La Cruz Roja, contratada por el Gobierno para gestionar los centros donde están aislados los migrantes, protege con celo desmedido su perímetro, a pesar de tratarse de lugares situados en la vía pública. “No des ni un paso más”, “márchense”, “no puedes estar aquí”, “borra las fotos”, fueron algunas de las órdenes recibidas cuando EL PAÍS intentó acercarse a uno de ellos. Empleados de la organización en la isla llamaron dos veces a los agentes de la Guardia Civil para intentar alejar a los reporteros y obligaron a las pocas cabezas que se asomaban curiosas a esconderse en el interior. Los guardias se personaron, escucharon las quejas del personal y se despidieron amablemente. La organización no gubernamental, a la que este periódico se dirigió para conocer el estado de los migrantes, no facilitó el contacto con ellos. Una portavoz de Cruz Roja en Madrid lamentó después la situación vivida, que achacó a la presión que sufren sus trabajadores y voluntarios.

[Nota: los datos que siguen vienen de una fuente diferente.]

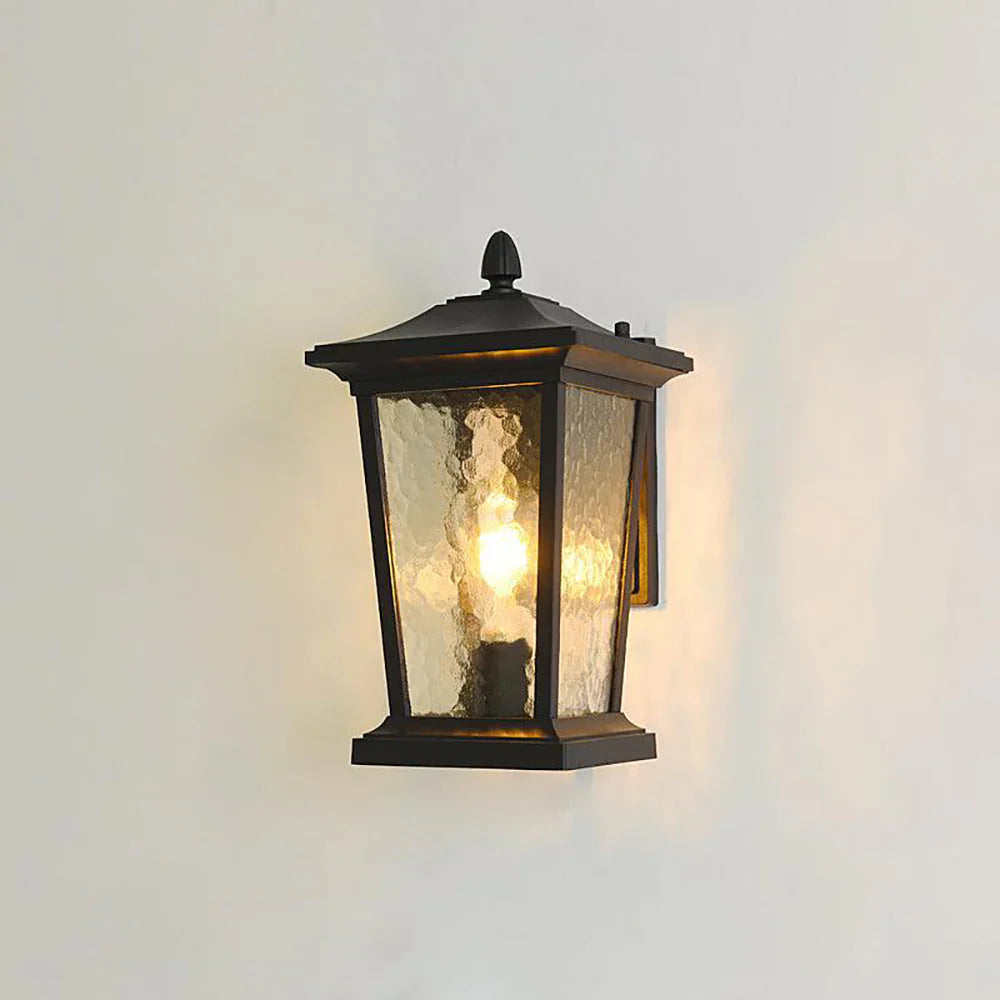 Glass Cottage Bird Cage Outdoor Wall Light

Dentro de los centros, los migrantes, que llevan semanas sin más contacto con el exterior que sus móviles, y, en la mayoría de los casos, sin una ventana a la que asomarse, están deseosos de hablar. Desde el polideportivo, que el jueves amaneció encharcado por las lluvias, Mamadou, un senegalés de 24 años, se declara “harto” de su encierro. Él, que también pide que se preserve su identidad, llegó a la isla en el gran cayuco del 7 de noviembre y asegura que ya va por su sexto test sin saber todavía el resultado. Frente a su puerta hay un pequeño terreno que da a un acantilado y que han acotado con cintas, pero aun así le prohíben sentarse un rato al sol. “Solo quiero salir de aquí. No sabemos por qué estamos encerrados tanto tiempo. Las condiciones no son buenas, está siendo muy duro”, relata por teléfono.

“No los vemos”

El único lugar desde donde puede verse la pista rodeada de gradas en la que duerme Mamadou es el ventanal del gimnasio contiguo adonde van los herreños a ejercitarse. “El otro día estaba corriendo en la cinta y me fijé. Me impactó bastante ver a tanta gente en un sitio tan pequeño. Con niños, con camas, una pegada a la otra, con la basura en el medio… Me parece vergonzoso. No es normal ni la cantidad de tiempo que pasan encerrados ni cómo están encerrados”, denuncia un visitante habitual de la isla. En El Hierro hay que esforzarse para que alguien diga lo que piensa con nombre y apellido. “Aquí sabemos que viene una patera cuando pasa una ambulancia. No los vemos. Presos no van, pero presos están”, cuenta el vendedor de cupones José González. Otros vecinos no muestran la mínima inquietud por no encontrarse con los recién llegados. Algunos han puesto pegas —y hasta llamado a la Guardia Civil— si los ven estirar las piernas en el entorno de sus centros.

La habilitación de espacios adecuados para la cuarentena de los migrantes, el gran problema de El Hierro, es, según un protocolo de la Secretaría de Estado de Migraciones, una competencia de la Consejería de Sanidad de Canarias. Así lo considera también el Defensor del Pueblo. Pero la consejería se resiste a aceptar este documento “aprobado unilateralmente”. Asume el seguimiento sanitario, el aislamiento de los positivos, pero no la obligación de alojar a los migrantes considerados contactos estrechos. “Aun así se da respuesta con los recursos limitados que tenemos”, mantiene una portavoz. Tras meses de peticiones del Cabildo, se ha anunciado, por fin, la rehabilitación de un antiguo centro de acogida que se utilizó durante la crisis de los cayucos en 2006 y que, como el resto de instalaciones en las islas, acabó abandonado. El Gobierno canario se ha comprometido a financiarlo si no recibe ayuda de otras Administraciones.

En un texto que han logrado hacer llegar a EL PAÍS, como si se tratase de un mensaje en una botella, un grupo de migrantes escribe desde su aislamiento: “Las condiciones aquí son insoportables. No nos dejan hacer nada, estamos como prisioneros. No somos delincuentes ni animales. Estamos hartos de lo que nos están haciendo”.